# Happy 80, Ernesto!



## kbwh (May 28, 2010)

Ernesto Colnago is 80 years old today. You have the chance to buy 1/80 of a little celebration.
C59 Ottanta | Colnago


----------



## onefour02 (Jan 7, 2009)

happy birthday!!


----------



## Creakyknees (Sep 21, 2003)

That bike made me spontaneously say "ooooooooh"


----------



## Salsa_Lover (Jul 6, 2008)

Arabesque inspired gold bike :thumbsup:


----------



## kbwh (May 28, 2010)

Me wants those Boras...
Bike is almost perfect. It would have been perfect if Ernesto had talked Valentino into making the red on that SR EPS group gold.
Salsa, you obviously need a pink lamb wool sweater.


----------



## Salsa_Lover (Jul 6, 2008)

Yes, and golden Vittoria valves too.

And the pink sweater I already have it 

Nice detail on the original 50's logos


----------



## Cinelli 82220 (Dec 2, 2010)

Very nice bike. Those Arabesque lugs emulate the similar pattern of Gloria lugs, where Ernesto Colnago and Faliero Masi both worked?
Colnago has made several limited editions lately and they have all been extremely well done.

And props to Ernesto for doing so well at 80!
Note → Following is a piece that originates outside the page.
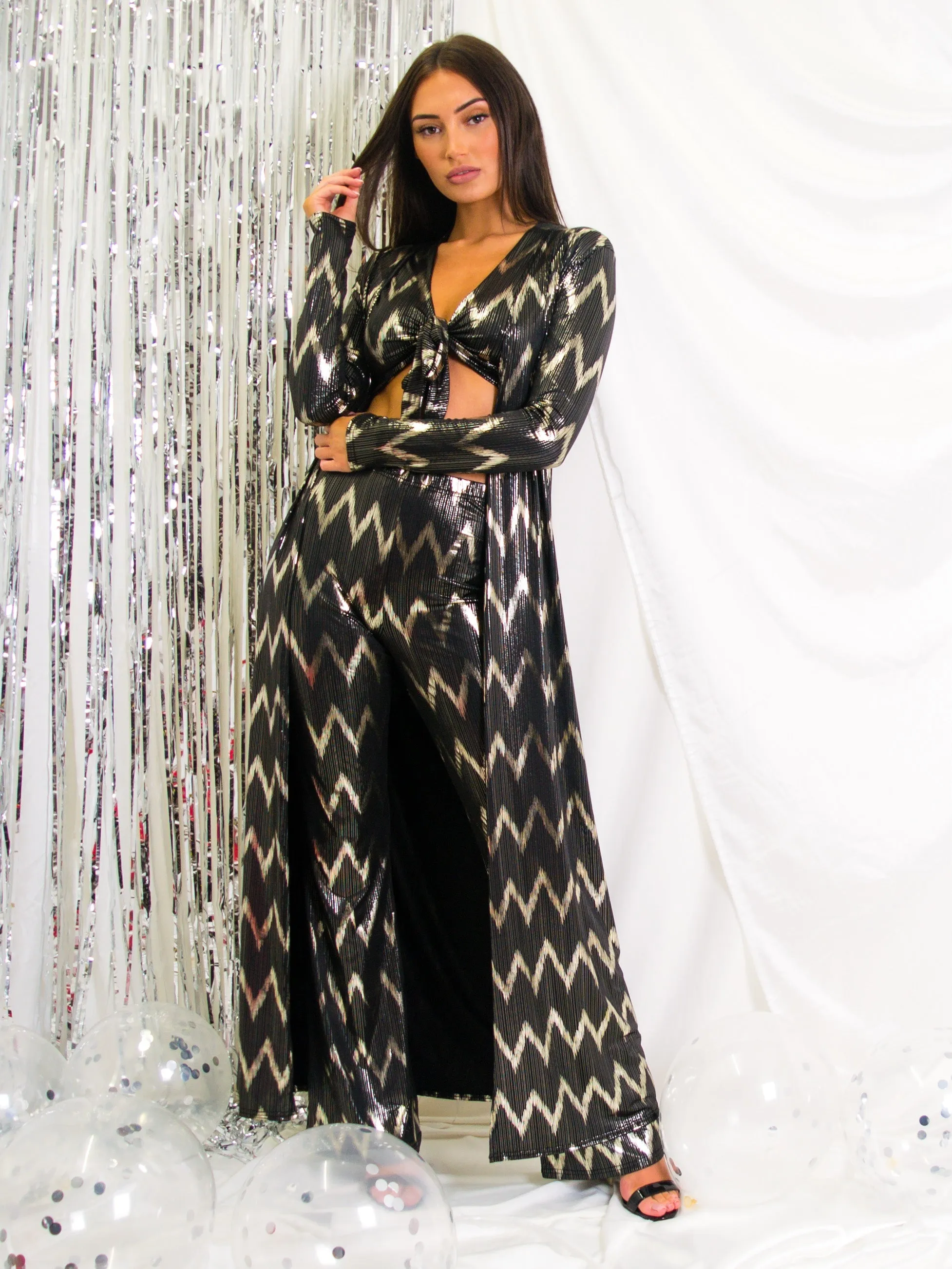 Gold Foil Chevron Print Longline Open Cardigan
He has the coolest office in the world.


----------



## merckxman (Jan 23, 2002)

Interesting about the "new" old headbadge and the old headbadge:
ITALIAN CYCLING JOURNAL: Ernesto Colnago Celebrates 80th Birthday with Limited Edition Bike

Oddly, today it became known that Colnago has been dropped as sponsor of the Gran Fondo USA series, the new sponsor is Cannondale:
ITALIAN CYCLING JOURNAL: GranFondo USA Series Changes from Colnago to Cannondale


----------



## Jbartmc (Sep 14, 2007)

This is what a special edition bike should be, it looks great and nicely pays homage to Colnago's past bicycles.


----------



## Devastazione (Dec 8, 2011)

Grande Ernesto,un felice e ricchissimo compleanno. Sei un mito !!!

A life of hard work,dedication,passion,genius,a life as a true passionate Italian ! 

And he doesn't look 80 at all to me :thumbsup:


----------



## one80 (Feb 22, 2006)

I... must... have...


----------



## Salsa_Lover (Jul 6, 2008)

let's compare with the original


----------



## Cinelli 82220 (Dec 2, 2010)

Ernesto Colnago, Cino Cinelli and my dad all born on February 9? Interesting.


----------



## shawnb1970 (Dec 30, 2011)

He indeed doesn't look his age. What a guy ! I share his choice of preferred bikes too


----------



## Karbon Kev (Sep 7, 2009)

the 80th nago is absolutely sublime! wow!


----------



## triumph.1 (Jun 21, 2011)

It's things like this that make me really dislike rich people.


----------



## Keski (Sep 25, 2004)

If we're lucky he'll get dementia and move all production back to Italy.


----------